Despite a certain amount of initial confusion, soft branding is not identical to hotel franchising, because it does not involve the typical uniformity of the affiliated establishment with the chain. The affiliated hotel retains its name, its design, its management and its customers, although it comes under the chain’s banner, collection or sub-brand. This brings it certain technical assistance relating to sales and marketing and above all greater visibility, reputation and access to exclusive distribution channels and loyalty programs that will boost the number of potential customers or give it the chance to raise the average price of overnight stays, and, in a few cases, of bar and restaurant or other add-on services. In exchange, the affiliated hotel retains its own unique character and its way of operating it, although it must meet minimum quality and service standards, respect the chain’s image and values, and pay a set of rates, fees or royalties for use of the trademark and for other services received.
By comparison with a hotel management agreement, soft branding does not involve a transfer of management or the taking over of operations of the establishment affiliated to the chain. The company operating the affiliated hotel (whether its owner, lessee or manager) continues to be responsible for commanding and handling the business. Therefore, it retains management of its human resources, customers, suppliers, accounting, administrative, tax and other matters. It also continues to be directly responsible for its profitability, and investment planning. The chain offering soft branding simply provides the affiliated hotel with support and advisory services, without acquiring any risk or share of the hotel’s gains or losses, except for a greater or lesser return by reference to certain income targets for the affiliate hotel where this is agreed by the parties.

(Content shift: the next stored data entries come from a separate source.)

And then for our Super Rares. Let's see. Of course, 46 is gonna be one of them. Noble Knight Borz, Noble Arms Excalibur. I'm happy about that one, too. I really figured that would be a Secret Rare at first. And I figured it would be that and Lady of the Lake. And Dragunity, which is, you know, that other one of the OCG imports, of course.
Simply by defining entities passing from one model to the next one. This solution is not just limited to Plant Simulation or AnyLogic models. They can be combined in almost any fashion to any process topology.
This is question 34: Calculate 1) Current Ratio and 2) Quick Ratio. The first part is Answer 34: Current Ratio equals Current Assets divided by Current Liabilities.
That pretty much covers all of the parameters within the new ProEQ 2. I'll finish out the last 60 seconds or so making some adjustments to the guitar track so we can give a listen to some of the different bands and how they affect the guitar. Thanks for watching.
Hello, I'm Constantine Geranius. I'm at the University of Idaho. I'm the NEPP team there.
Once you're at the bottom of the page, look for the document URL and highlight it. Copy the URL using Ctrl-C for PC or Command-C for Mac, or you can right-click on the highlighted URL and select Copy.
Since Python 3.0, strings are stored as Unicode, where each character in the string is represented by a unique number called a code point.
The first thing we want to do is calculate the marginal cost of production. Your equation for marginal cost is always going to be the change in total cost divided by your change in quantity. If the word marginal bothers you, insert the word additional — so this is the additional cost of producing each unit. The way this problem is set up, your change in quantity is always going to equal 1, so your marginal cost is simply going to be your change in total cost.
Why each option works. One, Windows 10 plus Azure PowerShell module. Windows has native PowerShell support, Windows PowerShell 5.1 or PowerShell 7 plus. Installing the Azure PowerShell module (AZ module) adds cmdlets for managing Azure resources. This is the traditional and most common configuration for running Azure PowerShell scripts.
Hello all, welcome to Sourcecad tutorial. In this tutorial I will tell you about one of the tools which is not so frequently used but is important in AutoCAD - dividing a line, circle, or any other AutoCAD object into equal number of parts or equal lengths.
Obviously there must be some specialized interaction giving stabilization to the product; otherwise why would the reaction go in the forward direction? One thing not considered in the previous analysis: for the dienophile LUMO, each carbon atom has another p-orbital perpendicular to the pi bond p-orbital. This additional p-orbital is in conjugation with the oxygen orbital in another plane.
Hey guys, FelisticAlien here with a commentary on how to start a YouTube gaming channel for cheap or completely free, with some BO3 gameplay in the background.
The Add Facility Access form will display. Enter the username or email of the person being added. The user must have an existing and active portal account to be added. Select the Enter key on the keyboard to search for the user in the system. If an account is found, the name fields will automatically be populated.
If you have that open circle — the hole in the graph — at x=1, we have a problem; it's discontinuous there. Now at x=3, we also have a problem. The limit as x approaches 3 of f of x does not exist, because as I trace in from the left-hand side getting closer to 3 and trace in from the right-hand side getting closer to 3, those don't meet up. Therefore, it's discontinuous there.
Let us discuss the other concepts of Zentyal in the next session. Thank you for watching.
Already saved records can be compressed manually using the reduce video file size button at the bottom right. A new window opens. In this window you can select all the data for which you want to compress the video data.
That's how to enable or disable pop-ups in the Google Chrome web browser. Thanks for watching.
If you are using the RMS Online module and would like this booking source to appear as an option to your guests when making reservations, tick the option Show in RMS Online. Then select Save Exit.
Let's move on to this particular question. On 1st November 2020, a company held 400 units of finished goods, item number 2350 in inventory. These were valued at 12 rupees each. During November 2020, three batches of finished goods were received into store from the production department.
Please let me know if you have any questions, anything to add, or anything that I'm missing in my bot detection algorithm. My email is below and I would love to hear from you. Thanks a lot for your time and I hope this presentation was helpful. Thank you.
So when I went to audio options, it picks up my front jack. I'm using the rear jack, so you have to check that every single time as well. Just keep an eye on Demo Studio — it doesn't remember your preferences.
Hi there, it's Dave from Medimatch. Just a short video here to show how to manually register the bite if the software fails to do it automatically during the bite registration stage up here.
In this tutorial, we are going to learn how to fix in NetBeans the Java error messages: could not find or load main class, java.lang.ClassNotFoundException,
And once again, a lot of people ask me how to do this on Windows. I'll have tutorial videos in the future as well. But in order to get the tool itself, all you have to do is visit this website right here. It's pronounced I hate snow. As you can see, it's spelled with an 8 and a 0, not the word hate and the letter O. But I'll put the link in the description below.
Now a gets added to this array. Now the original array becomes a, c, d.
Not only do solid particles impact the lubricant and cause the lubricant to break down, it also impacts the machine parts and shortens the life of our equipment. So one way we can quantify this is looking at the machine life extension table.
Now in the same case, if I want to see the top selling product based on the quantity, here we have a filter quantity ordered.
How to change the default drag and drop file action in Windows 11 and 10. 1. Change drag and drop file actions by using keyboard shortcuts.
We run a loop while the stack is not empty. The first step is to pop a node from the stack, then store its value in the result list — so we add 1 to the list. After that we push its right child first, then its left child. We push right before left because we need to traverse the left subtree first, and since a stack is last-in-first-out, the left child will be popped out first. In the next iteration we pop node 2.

Soft branding comes from Anglo-Saxon market, where it has been used for decades both as an alternative and to supplement franchising and hotel management, especially in the luxury and boutique hotel segments. Due to its recent appearance in Spain, there is no case law on this subject as yet. This means special attention is needed in negotiating and drafting the related contracts, and in defining, specifying and outlining the services to be provided. Also, it is highly recommendable to agree on and properly define a balanced and practical procedure for dispute resolution between the parties.
This is, without a doubt, a very useful business model for the development of large hotel chains, because, with a very small initial outlay, they can step up or roll out their presence in certain cities and tourist destinations, by taking advantage of the potential and the unique character of affiliate hotels. Furthermore, this model can complement or coexist with a hotel lease or management arrangement, depending on the characteristics and needs in each case.
Soft branding also poses a number of tax issues for the parties to take into account, especially where a cross-border legal and economic relationship arises, involving two or more jurisdictions. Special attention is also needed from both a legal and tax standpoint, where on the hotel chain’s side two or more entities take part, each providing one of the range of services in the package making up this contractual arrangement.
All in all, soft branding is a complex and innovative contractual arrangement that presents advantages and challenges for both the hotel chains and the independent hotels or smaller chains, which need to carry out an in-depth analysis of its tax and legal implications.